I am 40 years old and have two children, 20 and 12. My partner has no children we have been together 2 years.
I was adamant my youngest would be my last child. My eldest moved out recently and my youngest is becoming a teenager and I started to wonder, would I, should I have another child! I came off the jab 9 months ago as doctor recommended as I have been on it years and tried the mini pill, it didn’t agree with me. As my periods were not even regular yet I delayed making an appointment to discuss next options so I went around a month unprotected and ended up pregnant. I am 7 weeks. My partner was initially excited but that was short lived when I said it had to go. He’s been very supportive and now I’ve confused him as well as myself as I took the first abortion pill Saturday morning and instantly regretted it and was upset all day. That’s when all the good parts of being a mum again started entering my head ! I couldn’t bring myself to take the second tablets. I have had bad cramps and been hot and cold and very weak since 4pm yesterday. I can’t believe I am not bleeding they have been so bad! I am currently waiting for my doctors to call me as Nupas said to make an appointment with them.
Its hard to get my head around me thinking I’ve changed my mind as I visioned my life being school run free and I love to travel 4/5 times a year. Apart from being bound to expensive term time costs some of my best holiday memories are with the kids. I want a baby but think of the school runs again and my full time job I wonder if I can do it !

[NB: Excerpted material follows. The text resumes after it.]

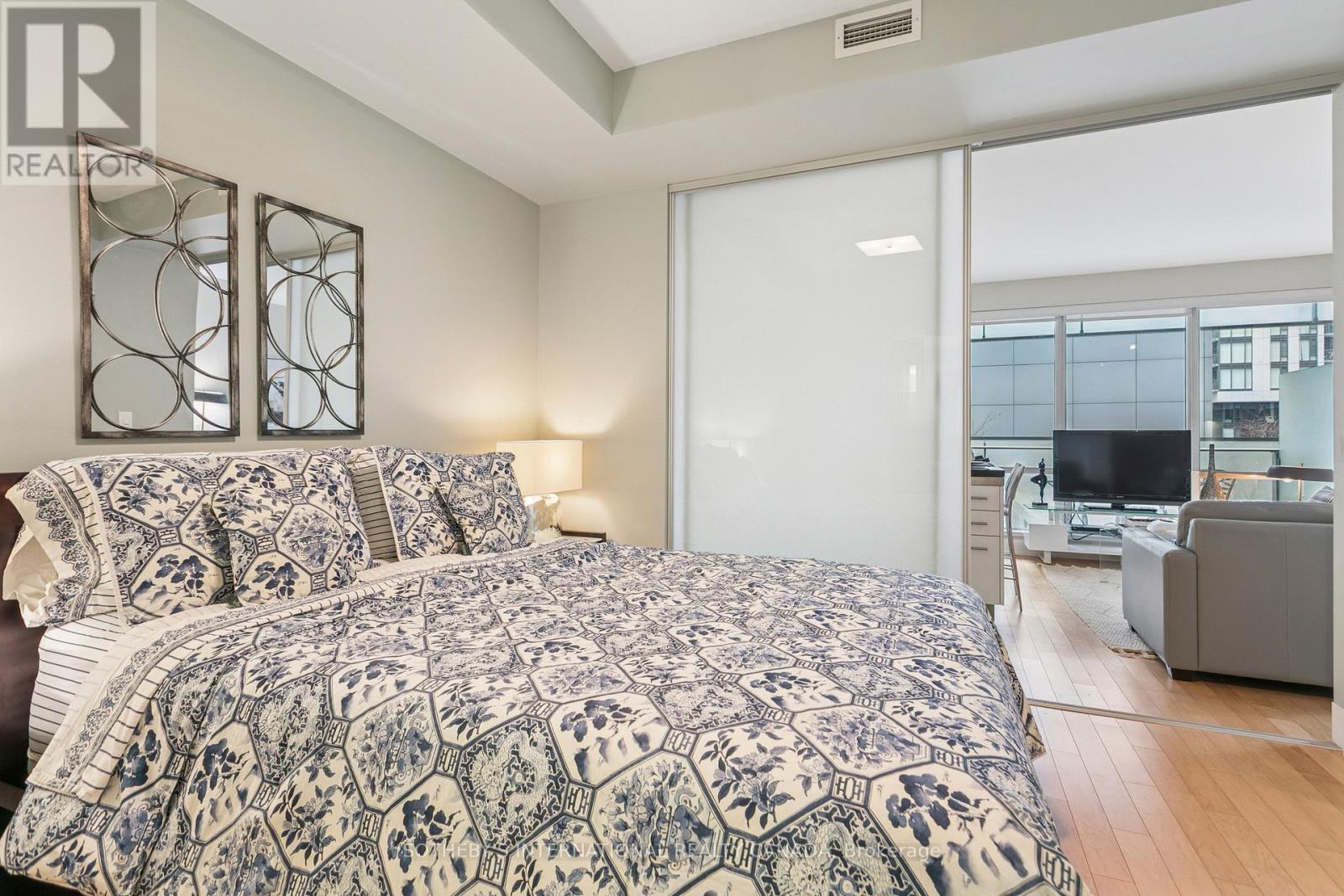 1205 - 80 John Street, Toronto, Ontario  M5V 3X4 - Photo 15 - C12664018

This is the first time pregnant I am actually in a financial to afford one and have plenty of space. I am dreading if I bleed I really don’t want to lose it now, even though I am frightened to death of being a mum again in a way!
I know a few older mums who have preferred doing it later to their younger years. As me and my partner split when my children were young I also feel I’ve never been that full time mum so this is also my chance to be.
I’ve read the chances of the baby surviving are low as the UK doesn’t give the abortion pill reversal. So I have to take whatever is meant to be. The question I ask myself is do I want to try for one of this doesn’t work out or is just the guilt of getting rid of it over powering me ! Has anyone else been in this situation ? What did you do?